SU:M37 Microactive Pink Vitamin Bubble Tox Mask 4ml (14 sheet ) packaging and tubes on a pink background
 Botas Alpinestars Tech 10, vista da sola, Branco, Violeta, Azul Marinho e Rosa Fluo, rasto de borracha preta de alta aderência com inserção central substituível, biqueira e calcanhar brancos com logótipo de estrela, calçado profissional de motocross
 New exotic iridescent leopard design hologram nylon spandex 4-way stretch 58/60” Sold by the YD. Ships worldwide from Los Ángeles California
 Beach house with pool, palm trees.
◇ ◇ ◇ ◇ ◇ ◇ ◇
**WORK ORDER**
From the first line to the last, please quote the material above exactly.

**ANSWER AREA**
SU:M37 Microactive Pink Vitamin Bubble Tox Mask 4ml (14 sheet ) packaging and tubes on a pink background
 Botas Alpinestars Tech 10, vista da sola, Branco, Violeta, Azul Marinho e Rosa Fluo, rasto de borracha preta de alta aderência com inserção central substituível, biqueira e calcanhar brancos com logótipo de estrela, calçado profissional de motocross
 New exotic iridescent leopard design hologram nylon spandex 4-way stretch 58/60” Sold by the YD. Ships worldwide from Los Ángeles California
 Beach house with pool, palm trees.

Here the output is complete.